No aspecto do conhecimento existe uma compreensão proporcionada pelo Eros, não a da ordem do discurso, mas sim uma pré-compreensão de ordem afetiva que faz o amante participar em parte daquilo que almeja conhecer e comungar por inteiro. O dualismo na obra de Platão tornado tão relevante para a metafísica ocidental parece perder sua força na medida em que esboça-se o papel do Eros na compreensão da relação entre as diversas instâncias do real. A função desse grande espírito pode ser melhor compreendida através do mito fornecido por Diotima. No dia do banquete em homenagem ao nascimento de Afrodite filho de Penúria e de Engenho ele assim teria nascido: “Um eterno mendigo (...) aturado poeirento, descalço dormindo ao relento na poeira dos caminhos” (Platão, O Banquete pág.75).
E ao mesmo tempo:
“Vive espreitando o que é belo e bom por que é viril, acometedor, teso, um caçador exímio, sempre a urdir suas malhas, ávido de inventivas e talentoso passando a vida a filosofar, um mago extraordinário, um verdadeiro sofista.”(Platão,o banquete. pag75

Em perpetua metamorfose e oscilação entre a geração e a corrupção, disposto a tudo arriscar pelo alvo de seus desejos, carente do néctar insubstituível que é o bom e o belo, sempre a meio caminho da realização de qualquer uma de suas possibilidades a figuração desse espírito é o retrato da condição humana.
Esse mesmo estado de carência do amor é também a causa do percurso em direção ao infinito, no qual todos os objetos de momentânea satisfação precisam ser superados, o que ocasiona um constante ultrapassamento de si mesmo uma vez que da natureza do objeto amado depreende-se a natureza do indivíduo amante.
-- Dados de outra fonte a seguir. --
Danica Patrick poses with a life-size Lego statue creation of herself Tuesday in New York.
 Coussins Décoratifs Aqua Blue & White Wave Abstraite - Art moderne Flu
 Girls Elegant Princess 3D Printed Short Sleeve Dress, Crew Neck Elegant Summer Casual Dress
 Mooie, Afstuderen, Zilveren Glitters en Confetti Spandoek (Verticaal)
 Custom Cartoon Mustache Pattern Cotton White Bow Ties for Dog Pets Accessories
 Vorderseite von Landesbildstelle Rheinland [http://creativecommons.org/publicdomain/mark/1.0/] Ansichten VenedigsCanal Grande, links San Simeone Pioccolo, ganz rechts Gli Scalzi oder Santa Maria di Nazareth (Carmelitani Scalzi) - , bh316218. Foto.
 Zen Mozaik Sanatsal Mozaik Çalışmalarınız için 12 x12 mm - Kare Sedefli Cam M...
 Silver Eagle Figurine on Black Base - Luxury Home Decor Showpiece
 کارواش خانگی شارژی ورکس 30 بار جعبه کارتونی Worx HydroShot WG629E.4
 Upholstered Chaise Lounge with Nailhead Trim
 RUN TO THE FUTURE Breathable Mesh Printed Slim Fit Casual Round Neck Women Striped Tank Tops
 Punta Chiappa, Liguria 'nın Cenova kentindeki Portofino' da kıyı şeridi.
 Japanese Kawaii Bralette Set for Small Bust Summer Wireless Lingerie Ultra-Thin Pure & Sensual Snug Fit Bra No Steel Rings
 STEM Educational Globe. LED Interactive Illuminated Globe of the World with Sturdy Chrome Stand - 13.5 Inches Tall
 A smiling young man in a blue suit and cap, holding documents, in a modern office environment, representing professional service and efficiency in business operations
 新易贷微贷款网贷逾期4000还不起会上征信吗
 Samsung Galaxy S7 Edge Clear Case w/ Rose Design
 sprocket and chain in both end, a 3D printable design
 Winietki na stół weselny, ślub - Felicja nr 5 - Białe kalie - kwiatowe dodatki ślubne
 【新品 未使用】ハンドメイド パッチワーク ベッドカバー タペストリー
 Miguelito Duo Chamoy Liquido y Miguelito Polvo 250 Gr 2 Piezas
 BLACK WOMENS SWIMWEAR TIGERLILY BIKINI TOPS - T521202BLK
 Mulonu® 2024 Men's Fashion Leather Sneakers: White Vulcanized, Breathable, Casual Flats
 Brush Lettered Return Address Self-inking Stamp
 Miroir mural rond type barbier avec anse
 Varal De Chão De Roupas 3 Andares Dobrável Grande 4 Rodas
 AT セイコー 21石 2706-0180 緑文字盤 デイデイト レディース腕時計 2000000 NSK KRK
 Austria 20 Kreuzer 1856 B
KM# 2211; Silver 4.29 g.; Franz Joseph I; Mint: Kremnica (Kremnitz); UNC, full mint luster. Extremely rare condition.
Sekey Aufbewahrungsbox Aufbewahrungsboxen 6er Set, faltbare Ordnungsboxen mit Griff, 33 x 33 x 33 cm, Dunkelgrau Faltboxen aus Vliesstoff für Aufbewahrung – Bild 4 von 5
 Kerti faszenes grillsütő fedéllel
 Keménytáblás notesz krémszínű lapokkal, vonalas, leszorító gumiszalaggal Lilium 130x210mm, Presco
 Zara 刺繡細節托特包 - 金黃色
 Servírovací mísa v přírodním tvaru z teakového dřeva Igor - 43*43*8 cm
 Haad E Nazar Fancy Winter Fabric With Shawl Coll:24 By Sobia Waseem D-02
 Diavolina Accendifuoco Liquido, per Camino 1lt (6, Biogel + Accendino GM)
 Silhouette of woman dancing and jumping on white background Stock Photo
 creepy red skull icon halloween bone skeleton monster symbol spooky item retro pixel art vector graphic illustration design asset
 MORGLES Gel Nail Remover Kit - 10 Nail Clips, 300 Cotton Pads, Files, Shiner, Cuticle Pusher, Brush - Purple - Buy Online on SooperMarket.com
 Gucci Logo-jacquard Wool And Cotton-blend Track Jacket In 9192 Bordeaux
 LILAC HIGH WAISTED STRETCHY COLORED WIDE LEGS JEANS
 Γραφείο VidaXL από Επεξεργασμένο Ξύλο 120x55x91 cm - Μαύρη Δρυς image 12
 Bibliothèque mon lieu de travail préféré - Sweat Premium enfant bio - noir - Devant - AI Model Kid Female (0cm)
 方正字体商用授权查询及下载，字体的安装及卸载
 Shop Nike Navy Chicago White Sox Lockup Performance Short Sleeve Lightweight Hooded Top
O risco sempre presente durante essa grande jornada é deter-se a uma das metas situadas a meio caminho entre o finito e o infinito e tal qual os marinheiros de Odisseu dormir ao provar do loto dos prazeres sensíveis esquecendo-se da natureza de sua jornada, condenando a tão sonhada comunhão com o bem dos bens, a sua “Ítaca” eterna.Aqui compreende-se que essa mesma jornada é o fluxo composto de inspiração e expiração reter o fluxo é cortar o liame com a vida , o desejo acometido da cegueira que não se submete as injuções da razão,torna-se incontinente e apegado,deixando-se arrastar até tornar-se um escravo de um tipo inferior de satisfação, condenando a sua realização . Nessa medida o mundo sensível é uma instância primária, um degrau, para o mundo inteligível das formas e o amor pelos corpos e pelos objetos o primeiro passo na demanda para o amor as formas puras que conferem beleza a tais corpos. Ao contrário do que se costuma afirmar vemos aqui o mundo da geração e da corrupção não como mera negatividade mais sim como ponto de partida para um bem maior.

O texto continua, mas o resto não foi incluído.